To assemble the nacatamales:
- Lay a banana leaf on a clean surface with the smooth side down. Place a large scoop of dough on the leaf and spread it out across the leaf. Wet your hands if it is too sticky.
- Down the middle of the dough, add a spoonful of pork. Add on top around 2 tbsp of rice, a layer of potato slices, and a spoonful of onion, pepper, and tomato. Now on top (or to the side) place a prune, some olives, raisins, and capers.
- Use one edge of the leaf to lift the dough and roll closed. You want the dough to encompass all the fillings, so try getting one edge of dough to meet with the opposite edge.
- Fold the edges of the banana leaf over like a burrito and tuck both ends up if possible.
- Wrap the whole thing in a square of tin foil to keep it all together.
- Repeat until you run out of ingredients.
- To cook, you will need to steam them. This can be done by filling a large pot halfway with water and placing a metal rack on the inside to hold up the tamales. Bring to a boil, then reduce to low heat and cover.
- Let the tamales steam for about 4 hours, but keep an eye on the water, always adding more so it doesn’t all evaporate.
- After 4 hours, use heat-proof tongs to remove the nacatamales from the pot. Allow them to cool so they are safe to handle, but serve hot.

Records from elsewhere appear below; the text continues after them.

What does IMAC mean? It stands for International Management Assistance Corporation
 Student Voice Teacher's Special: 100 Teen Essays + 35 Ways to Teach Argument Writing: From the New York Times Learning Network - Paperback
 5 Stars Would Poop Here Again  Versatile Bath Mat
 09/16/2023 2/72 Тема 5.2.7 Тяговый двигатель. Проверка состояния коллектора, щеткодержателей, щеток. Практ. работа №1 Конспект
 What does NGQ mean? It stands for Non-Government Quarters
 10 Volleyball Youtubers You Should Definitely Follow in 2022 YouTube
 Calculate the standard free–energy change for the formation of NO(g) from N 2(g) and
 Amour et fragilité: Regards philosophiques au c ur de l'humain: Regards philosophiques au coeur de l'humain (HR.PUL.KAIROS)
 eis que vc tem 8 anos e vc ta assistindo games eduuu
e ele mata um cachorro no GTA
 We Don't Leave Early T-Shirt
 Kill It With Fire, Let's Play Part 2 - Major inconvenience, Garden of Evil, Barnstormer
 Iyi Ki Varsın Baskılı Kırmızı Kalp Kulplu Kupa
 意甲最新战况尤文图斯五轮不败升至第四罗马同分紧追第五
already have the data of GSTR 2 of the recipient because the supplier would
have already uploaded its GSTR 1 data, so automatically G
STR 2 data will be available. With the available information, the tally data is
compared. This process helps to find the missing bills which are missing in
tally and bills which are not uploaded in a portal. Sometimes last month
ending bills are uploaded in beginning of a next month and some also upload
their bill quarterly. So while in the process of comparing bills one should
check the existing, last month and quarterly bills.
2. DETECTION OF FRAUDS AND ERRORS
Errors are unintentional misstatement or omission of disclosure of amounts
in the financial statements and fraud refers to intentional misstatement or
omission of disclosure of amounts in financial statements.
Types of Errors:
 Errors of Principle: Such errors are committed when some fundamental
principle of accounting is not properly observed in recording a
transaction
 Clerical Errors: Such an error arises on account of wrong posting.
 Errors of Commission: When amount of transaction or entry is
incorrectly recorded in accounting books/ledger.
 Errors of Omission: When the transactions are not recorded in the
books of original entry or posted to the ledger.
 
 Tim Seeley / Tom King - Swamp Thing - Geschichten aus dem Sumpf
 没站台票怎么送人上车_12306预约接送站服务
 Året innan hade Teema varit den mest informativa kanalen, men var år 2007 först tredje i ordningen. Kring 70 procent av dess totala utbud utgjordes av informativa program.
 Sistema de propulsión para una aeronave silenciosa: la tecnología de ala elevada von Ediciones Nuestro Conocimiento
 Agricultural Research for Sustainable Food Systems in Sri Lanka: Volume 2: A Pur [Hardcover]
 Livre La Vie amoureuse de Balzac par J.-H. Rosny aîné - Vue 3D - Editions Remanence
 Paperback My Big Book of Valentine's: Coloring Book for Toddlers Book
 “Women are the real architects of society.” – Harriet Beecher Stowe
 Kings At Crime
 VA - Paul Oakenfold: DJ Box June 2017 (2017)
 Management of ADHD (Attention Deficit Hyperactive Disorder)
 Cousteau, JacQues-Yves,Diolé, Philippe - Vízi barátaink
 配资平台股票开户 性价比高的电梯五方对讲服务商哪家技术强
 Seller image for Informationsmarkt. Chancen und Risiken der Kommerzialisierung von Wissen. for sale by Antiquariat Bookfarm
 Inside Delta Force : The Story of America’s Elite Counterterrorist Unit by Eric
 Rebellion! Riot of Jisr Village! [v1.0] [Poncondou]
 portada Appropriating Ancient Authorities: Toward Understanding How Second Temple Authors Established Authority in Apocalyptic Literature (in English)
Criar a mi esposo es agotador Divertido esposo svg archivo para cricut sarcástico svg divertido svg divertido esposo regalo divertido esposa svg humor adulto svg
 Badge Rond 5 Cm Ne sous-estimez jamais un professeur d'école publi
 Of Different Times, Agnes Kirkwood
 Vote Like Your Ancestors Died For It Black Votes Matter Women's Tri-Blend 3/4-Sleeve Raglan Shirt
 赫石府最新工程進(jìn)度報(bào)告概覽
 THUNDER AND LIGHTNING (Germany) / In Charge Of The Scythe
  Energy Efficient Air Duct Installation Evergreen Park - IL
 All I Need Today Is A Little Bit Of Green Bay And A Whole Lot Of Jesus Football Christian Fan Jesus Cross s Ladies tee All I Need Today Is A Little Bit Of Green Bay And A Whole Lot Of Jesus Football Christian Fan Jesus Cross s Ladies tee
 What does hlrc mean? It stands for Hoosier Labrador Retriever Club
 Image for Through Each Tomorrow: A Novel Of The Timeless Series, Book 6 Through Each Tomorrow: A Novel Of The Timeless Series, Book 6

- Before eating, remove the tin foil and banana leaf. Enjoy!
Notes & Tips
- Tamales of any sort aren’t great in the fridge, but they store very well in the freezer. Once you have finished preparing all the nacatamales, carefully put them in a large ziplock bag or Tupperware before being cooked. To cook them later, just take them out of the freezer and cook as normal (though for a little longer).
- If you have already-cooked nacatamales that you can’t finish, they will be alright stored in an airtight container in the fridge for about a day. Any longer and they become a soggy mess.
- You can easily prep the individual aspects of the nacatamales and leave them overnight in the fridge, so all you have to do the next day is shape and cook.
If you don’t have lard, you can use shortening, though it won’t taste quite as good. If you can’t find banana leaves, you can use corn husks like Mexican tamales. You may also need to overlap the leaves if they are too small. For corn husks, you will need to soak them in warm water for at least 30 minutes before.